Art. 10 Il Consiglio direttivo

  1. Il Consiglio direttivo è formato da un numero di membri non inferiore a 3 e non superiore a 15 nominati dall’Assemblea dei soci. Il primo Consiglio direttivo è nominato con l’atto costitutivo. I membri del Consiglio direttivo rimangono in carica per un anno e sono rieleggibili. Possono far parte del Consiglio direttivo esclusivamente gli associati.
  2. Al Consiglio direttivo spetta di:

    • Curare l’esecuzione delle deliberazioni dell’Assemblea dei soci;
    • Predisporre il bilancio;
    • Nominare il Presidente, il Vice-Presidente, il Segretario ed il Tesoriere;
    • Deliberare sulle domande di nuove adesioni;
    • Provvedere agli affari d’ordinaria e straordinaria amministrazione che non siano spettanti all’Assemblea dei soci.
  3. Il Consiglio direttivo è presieduto dal Presidente o in caso di sua assenza dal Vice-Presidente e in assenza di entrambi dal membro più anziano.

Art. 11 Il Presidente

  1. Il Presidente, nominato dal Consiglio direttivo, ha il compito di presiedere lo stesso nonché l’Assemblea dei Soci.
  2. Al Presidente è attribuita la rappresentanza dell’associazione di fronte a terzi ed in giudizio. In caso di sua assenza o impedimento, le sue funzioni spettano al Vice-Presidente, anch’esso nominato dal Consiglio direttivo.
  3. Il Presidente cura l’esecuzione delle deliberazioni del Consiglio direttivo e, in caso d’urgenza, ne assume i poteri chiedendo ratifica allo stesso dei provvedimenti adottati nell’adunanza immediatamente successiva.
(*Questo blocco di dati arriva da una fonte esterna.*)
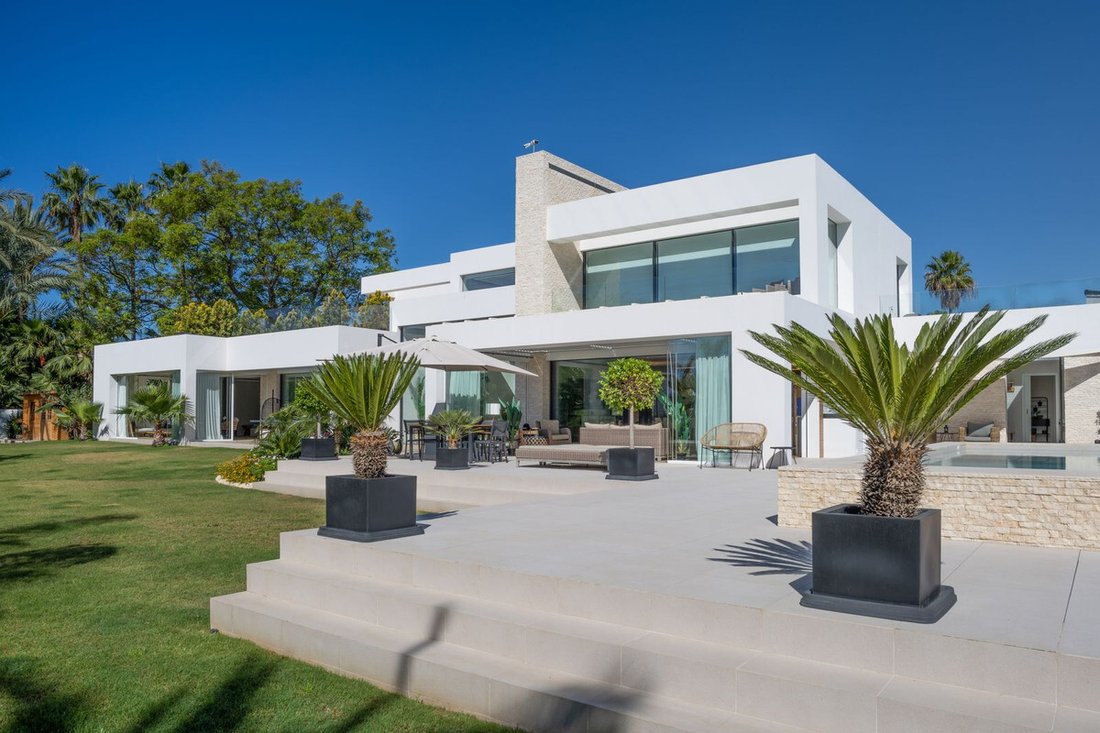 Villa in Estepona, Andalusia, Spain 2 - 18454057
Art. 12 Gratuità delle cariche associative

  1. Ogni carica associativa è ricoperta a titolo gratuito salvo rimborsi previsti per gli associati di cui al precedente art. 2.


Art. 13 Norma finale

  1. In caso di scioglimento dell’associazione, il patrimonio sarà devoluto ad altre organizzazioni di volontariato operanti in identico o analogo settore.


Art. 14 Rinvio

  1. Per quanto non espressamente riportato in questo statuto si farà riferimento al codice civile e ad altre norme di legge vigenti in materia.